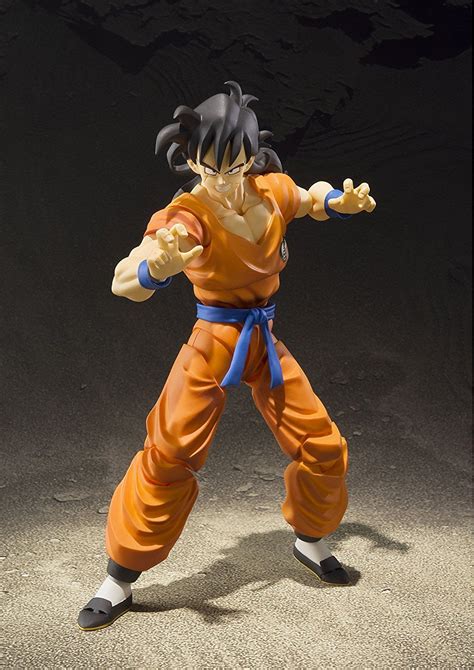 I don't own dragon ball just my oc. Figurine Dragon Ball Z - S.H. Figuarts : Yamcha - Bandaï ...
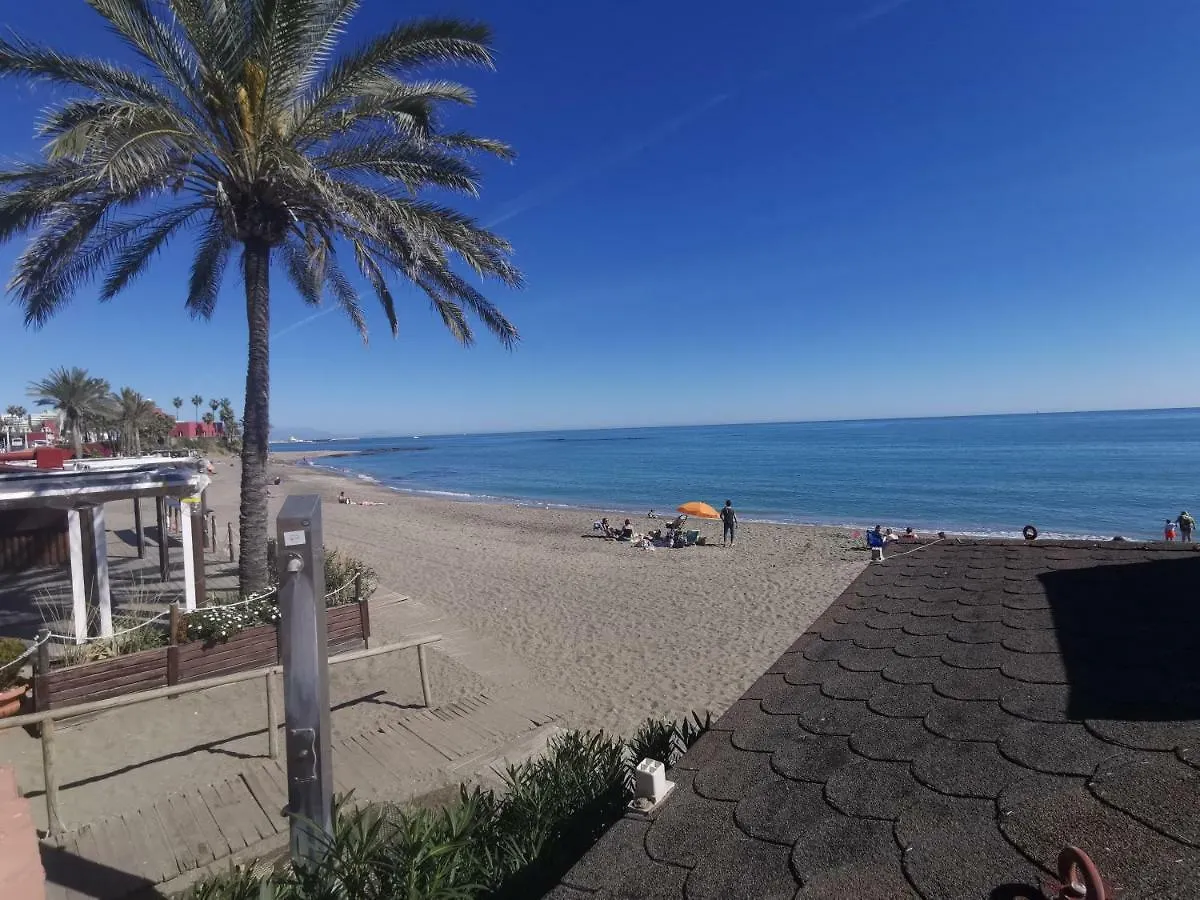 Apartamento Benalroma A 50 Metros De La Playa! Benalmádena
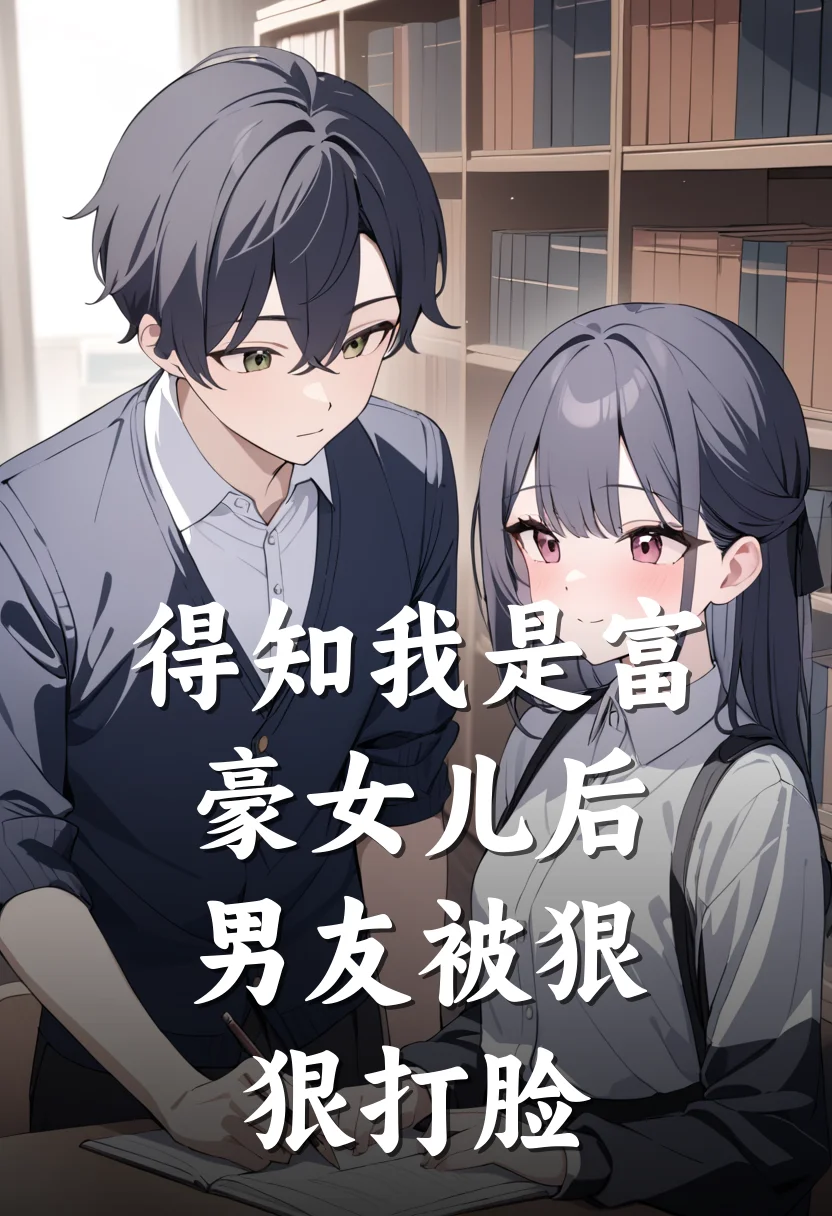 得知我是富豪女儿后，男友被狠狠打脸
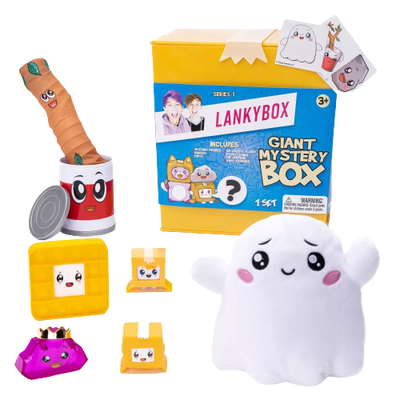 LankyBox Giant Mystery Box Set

:::::

§ **Problem**
Replicate the material above verbatim; images stay out of the copy.

§ **Expected answer**
 I don't own dragon ball just my oc. Figurine Dragon Ball Z - S.H. Figuarts : Yamcha - Bandaï ...
 Apartamento Benalroma A 50 Metros De La Playa! Benalmádena
 得知我是富豪女儿后，男友被狠狠打脸
 LankyBox Giant Mystery Box Set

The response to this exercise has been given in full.